Advanced Code Gen for Classes
Bill Griswold
Adapted by Beth Simon
NOTE: The content of this outline is no longer maintained
Review from last couple classes
- Addresses are more powerful than values!
For both VAR parameters and arrays, we realized that sometimes a reference
to a variable meant that we wanted the value of that variable and sometimes it meant we wanted the address of that variable:
-
consider Example 1: x := A[i]
we want to assign x whatever value is in the ith element of the array A
-
consider Example 2: A[j] := y
we want the *value* of y to be placed in the location in memory
(ie *address*) where we are storing A[j]
This lead us to change our emitload and emitstore routines to be more
discriminating. We now have three different versions: emitloadaddress, emitloadvalue, and emitstorevalue.
When do you call what? Well, you might be encouraged to call emitloadvalue
for Example 1 above. But, you'd be wrong. See lecture notes from last class!
(Hint, emitloadvalue is called in the Statement parse rule!)
What got changed in these routines? That can be aswered with another question:
What do both VAR parameters and arrays have in common?
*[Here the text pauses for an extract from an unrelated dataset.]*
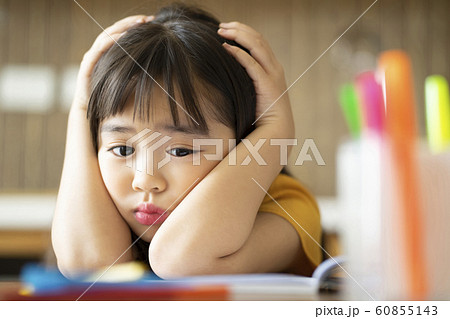 子供 ライフスタイル 絵描き 子供 ライフスタイル 絵描き 60855143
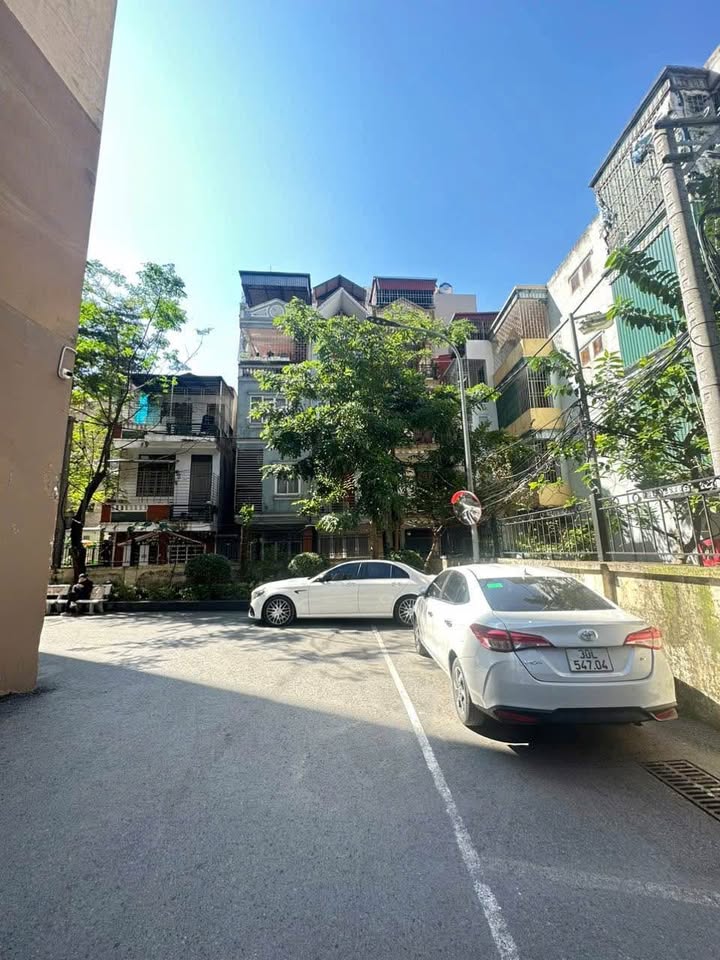 Căn hộ chung cư Định Công 65m² giá 5,1 tỷ - Full nội thất, tầng 7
Answer: Both are of Mode "ref"!
void emitloadaddress(STE *var, char *reg) {
if (var->isReference()) // includes array elem and class field refs
eprint("ld [%s+%d], %s", var->baseName(), var->offset(), reg);
else if (var->isVariable()) // for arrays and passing arg by "var"
eprint("add %s, %d, %s", var->baseName(), var->offset(), reg);
else
/* error */
}
void emitloadvalue (STE *var, char *reg) {
if (var->isConstant())
eprint("set %d, %s", var->intValue(), reg);
else if (var->isReference()) {
char *r = getreg();
eprint("ld [%s+%d], %s", var->baseName(), var->offset(), r); // load addr
eprint("ld [%s], %s", r, reg); // deref
freereg(r);
}
else if (var->isVariable())
emitload(var, reg); // maybe should appear in-line
//eprint("ld [%s + %d], %s\n", var->baseName(), var->offset(), reg);
else
/* error */
}
Compiling Classes: Records + Functions = Objects
Overview:
- What does a "class" look like?
- Record assignment
- Record field reference
- x := mystack.size;
- mystack.size := y;
- S.size := S.size -1; (from inside pop)
- Method Invocation
- Keeping "hold" of mystack inside pop
- mystack.push(mystack2.top());
- Distinguishing between mystack.size and mystack.pop
- Dynamic Allocation
What does a "class" look like?
RECORD Stack
stk : ARRAY 100 OF INTEGER;
size : INTEGER;
...
END Stack;
PROCEDURE (S : POINTER TO Stack) pop();
S.size := S.size - 1;
END pop;
PROCEDURE (S : POINTER TO Stack) init();
S.size := 0;
END init;
VAR mystack : POINTER TO Stack;
VAR mystack2 : POINTER TO Stack;
VAR x,y : INTEGER;
BEGIN
new(mystack);
new(mystack2);
mystack.init();
mystack2.init();
mystack2 := mystack;
x := mystack.size;
mystack.size := y;
mystack.push(3);
mystack.push(7);
IF (mystack.size > 5) & mystack.top() < 10 THEN
mystack.pop();
END IF;
END.
Note:
- objects are stored in dynamic area, since can be allocated or
freed at any time
- pointer to object points to object in dynamic area
- in this picture, we see variable mystack in the global area pointing
to some storage (the sequences of o's) (similar for mystack2)
--------------------
+mystack mystack2 +
+ +-+ +-+ +
+-----+-| |-+-------+ global
| + +-+ +-+ + |
| -------------------- |
| + + |
| + -------------+ text
| + | +
| ---------V----------
| + oooooooo +
+---->ooooooo + dynamic
+ +
--------------------
+ +
--------------------
+ +
+ + stack
+ +
--------------------
STE STE
+-------------+ +--------------+
|mystack | |mystack2 |
| | | |
|gp 16 | |gp 48 |
+-------------+ +--------------+
Record Assignment: mystack2 := mystack;
Gee, the STE of a record holds an address where the record starts, kind of
like an array STE does. Great, maybe the code I need for assignment
for records is the same I need for arrays! But I control emitloadaddress
and emitloadvalue by asking about isReference() for STEs and mystack
is not of mode isReference()!
What do I need to have done in this case?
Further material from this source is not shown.